La recente visita ad Anchorage del presidente russo Vladimir Putin e l’incontro con Donald Trump di Ferragosto hanno fatto molto parlare anche, se non soprattutto, per il fatto che veder russi e americani allo stesso tavolo negoziale a così alti livelli era diventata un’immagine difficile da pensare dopo lo scoppio della guerra in Ucraina.
Indubbiamente, Mosca e Washington coltivano la comune speranza, per quanto di difficile concretizzazione, di poter consolidare un “codominio” sugli scenari globali di cui non sono più azionisti di maggioranza assoluta. Ma non è solo di distensione che si è parlato.

Trump ha ricevuto Putin potendo contare anche su validi strumenti di pressione sulla Russia, tra cui il rinnovato inserimento statunitense nel Caucaso dettato dalla mediazione di Washington per porre fine al conflitto tra Armenia e Azerbaijan a due anni dall’ultima guerra del Nagorno-Karabakh, vinta da Baku e conclusasi con la definitiva occupazione del territorio conteso nella regione.

Di fronte a uno storico protegé di Mosca, l’Armenia, timorosa per il fatto che la Russia non l’abbia protetta di fronte al più potente vicino Azerbaijan, attivo in campo geopolitico ed energetico e oggi molto distante dalle priorità politiche del Cremlino Trump, ricevendo il presidente azero Ilham Alyiev e il premier armeno Nikol Pashinyan alla Casa Bianca ha portato Washington nel cortile di casa della Russia.

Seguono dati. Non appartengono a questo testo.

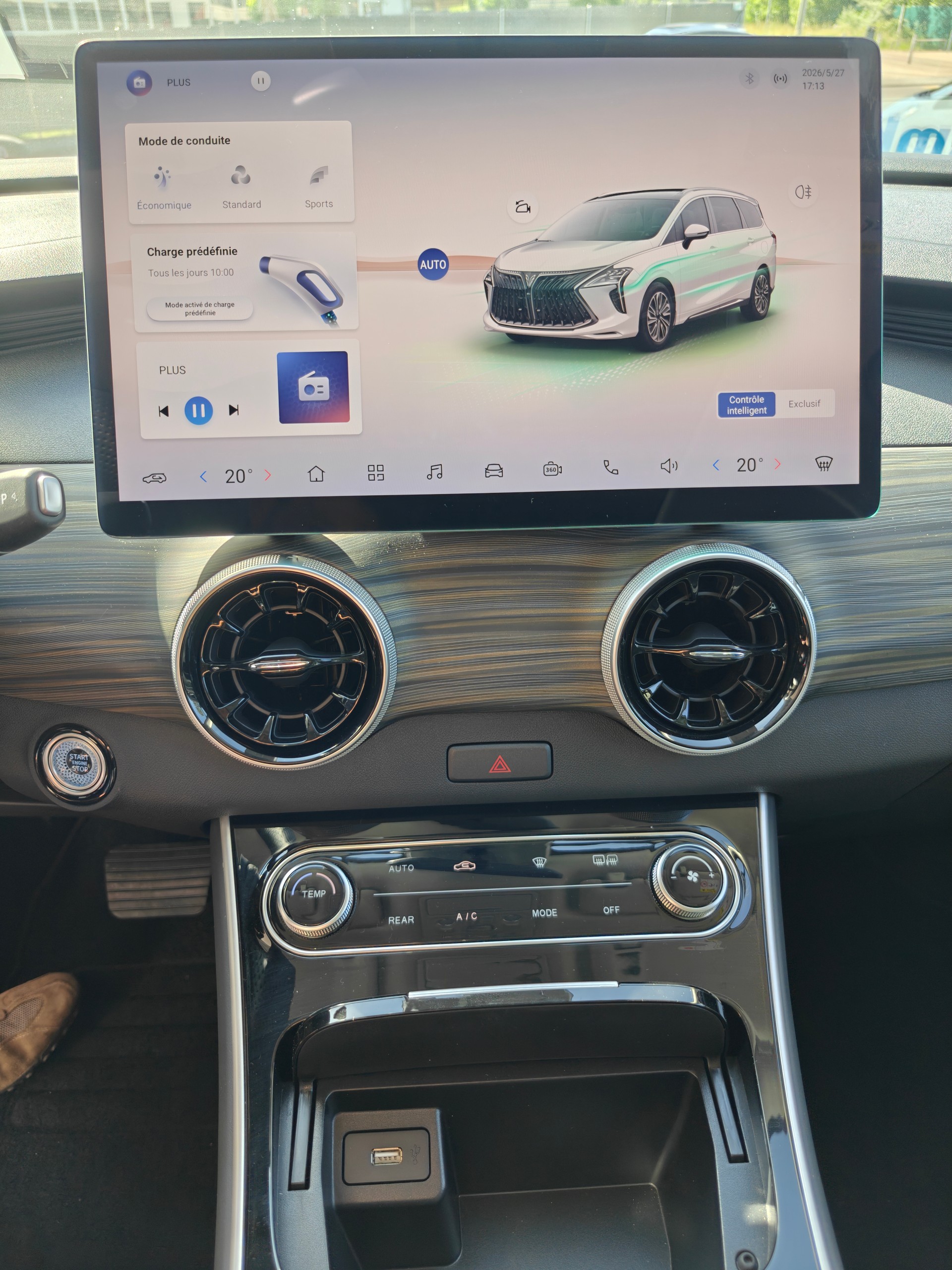 FORTHING 4 U-Tour 1.5 T GDI PHEV-image-5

La notizia che saranno gli Usa a costruire la via di comunicazione infrastrutturale volta a trasformare il conteso corridoio di Zangezur, che divide le due parti del territorio azero passando per l’Armenia, nella Trump Route for International Peace and Prosperity (Tripp) apre scenari geopolitici interessanti ponendo gli Usa nella direzione di uno sbarco a sud del Caucaso russo e a Nord dell’Iran, aumentando la proiezione dell’Occidente tra Mar Nero e Mar Caspio e innalzando il potere negoziale di Washington.

Il triplice obiettivo di sabotare la saldatura dell’asse dei Brics, di tendere una mano alla Turchia atlantica ma ambivalente e di premere da Sud sulla Russia si saldano anche per non mostrare a Mosca che solo l’Occidente dovrà fare concessioni nella ridefinizione dell’ordine globale internazionale ruotante attorno ai negoziati sull’Ucraina.